PROBLEM TO SOLVE:
After finding the line with "Cybex Coya Stroller Chrome/Peach Pink" in the data below, set down exactly each line through the one with "[BUNJANG] Polar Skate", inclusive, and stop there.

INPUT RECORDS:
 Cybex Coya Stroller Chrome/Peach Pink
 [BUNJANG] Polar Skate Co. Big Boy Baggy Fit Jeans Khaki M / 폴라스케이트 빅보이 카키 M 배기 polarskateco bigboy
==
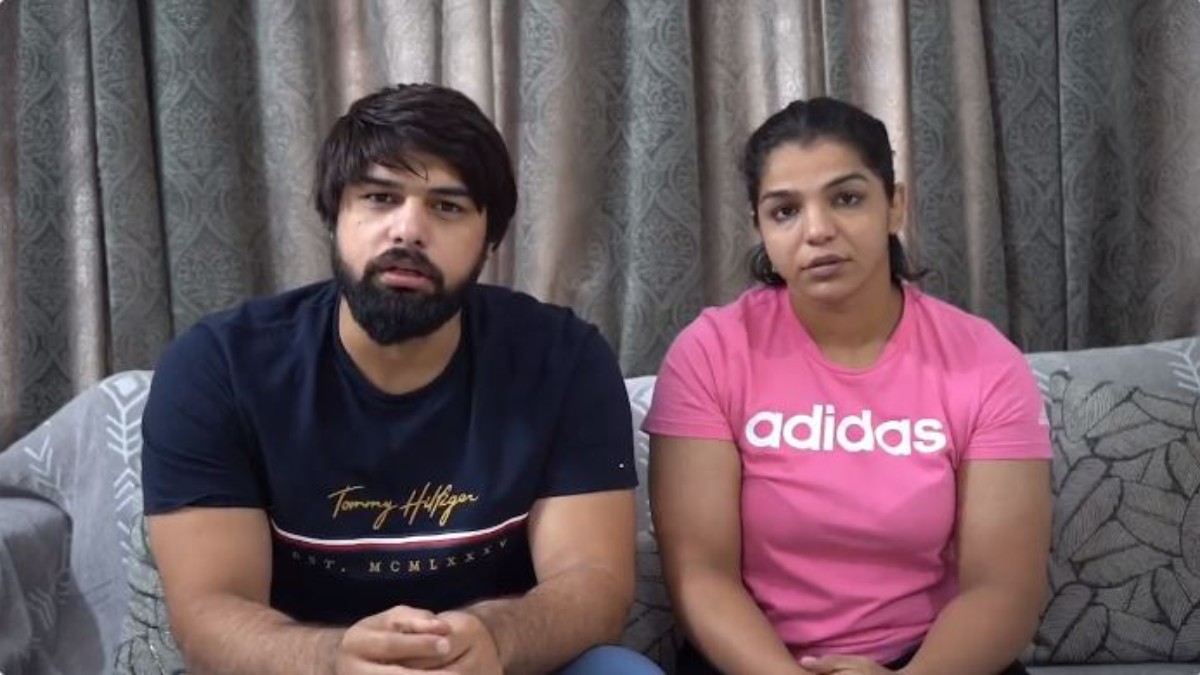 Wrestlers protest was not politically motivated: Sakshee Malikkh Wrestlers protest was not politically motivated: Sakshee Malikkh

SOLVED PROBLEM:
 Cybex Coya Stroller Chrome/Peach Pink
 [BUNJANG] Polar Skate Co. Big Boy Baggy Fit Jeans Khaki M / 폴라스케이트 빅보이 카키 M 배기 polarskateco bigboy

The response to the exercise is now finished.